- [AIM OF THE TASK]: Keep the images out while you set down the data exactly.

- [DATA EXCERPT]:
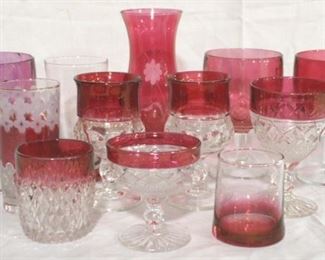 930 - Lot of Cranberry/Clear Glass Items
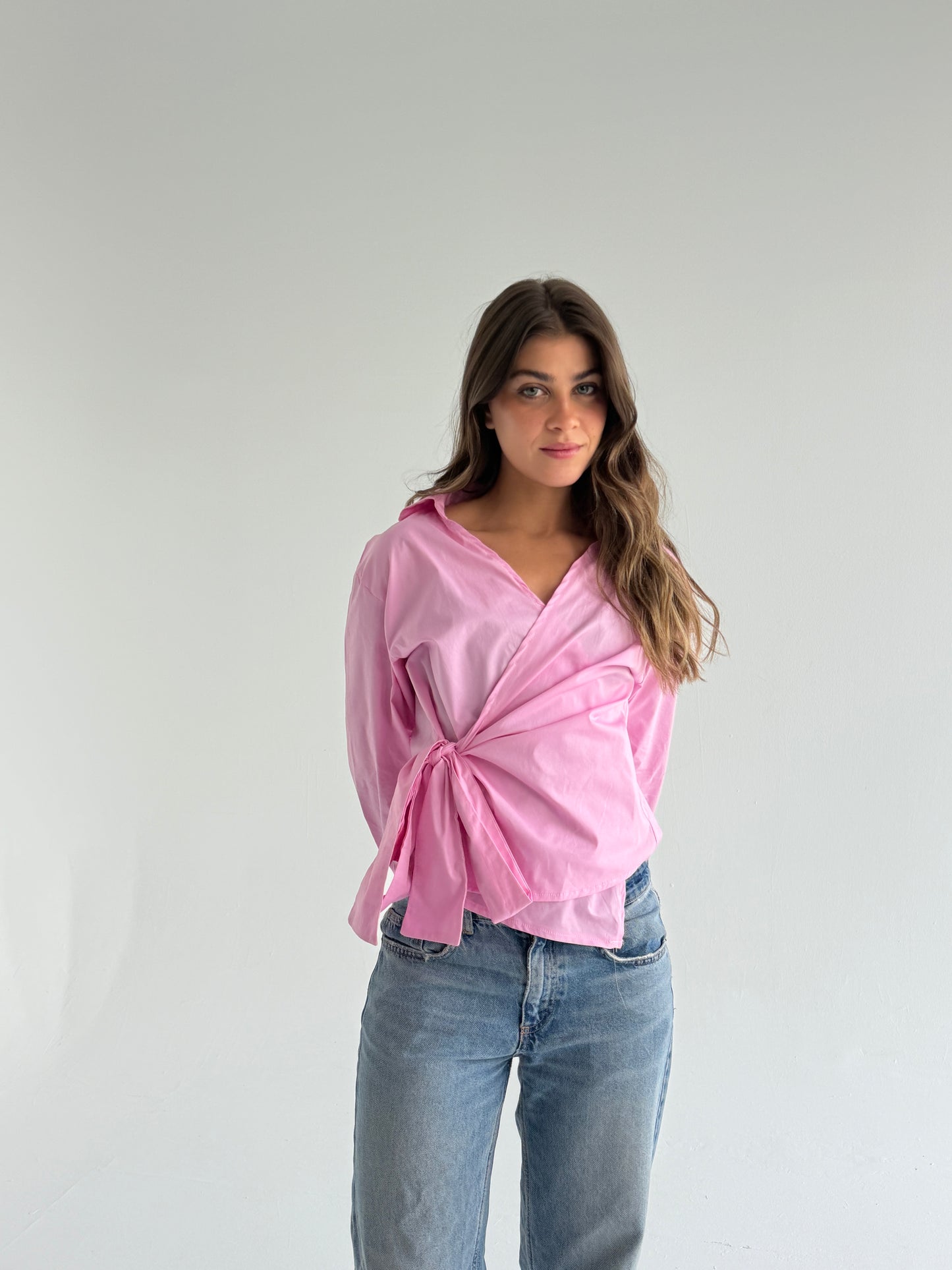 Wrap shirt-Pink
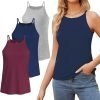 High Neck Tank Top for Women Camisole Trendy Sleeveless Shirts Loose Fit Cami Tanks 3 Pack
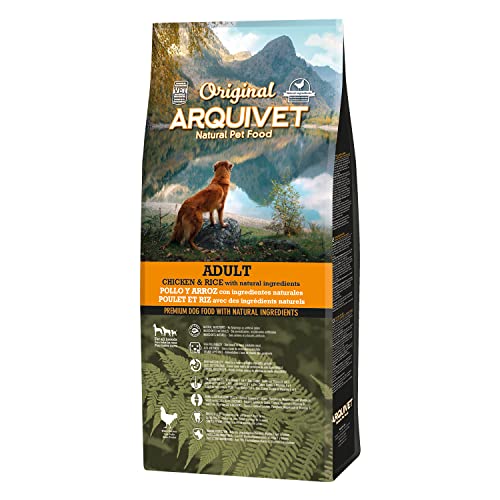 ARQUIVET Original Adult – Trockenfutter für ausgewachsene Hunde, Huhn und Reis, 12 kg, Trockenfutter – für alle Rassen – natürliche Inhaltsstoffe von Arquivet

- [RESPONSE]:
 930 - Lot of Cranberry/Clear Glass Items
 Wrap shirt-Pink
 High Neck Tank Top for Women Camisole Trendy Sleeveless Shirts Loose Fit Cami Tanks 3 Pack
 ARQUIVET Original Adult – Trockenfutter für ausgewachsene Hunde, Huhn und Reis, 12 kg, Trockenfutter – für alle Rassen – natürliche Inhaltsstoffe von Arquivet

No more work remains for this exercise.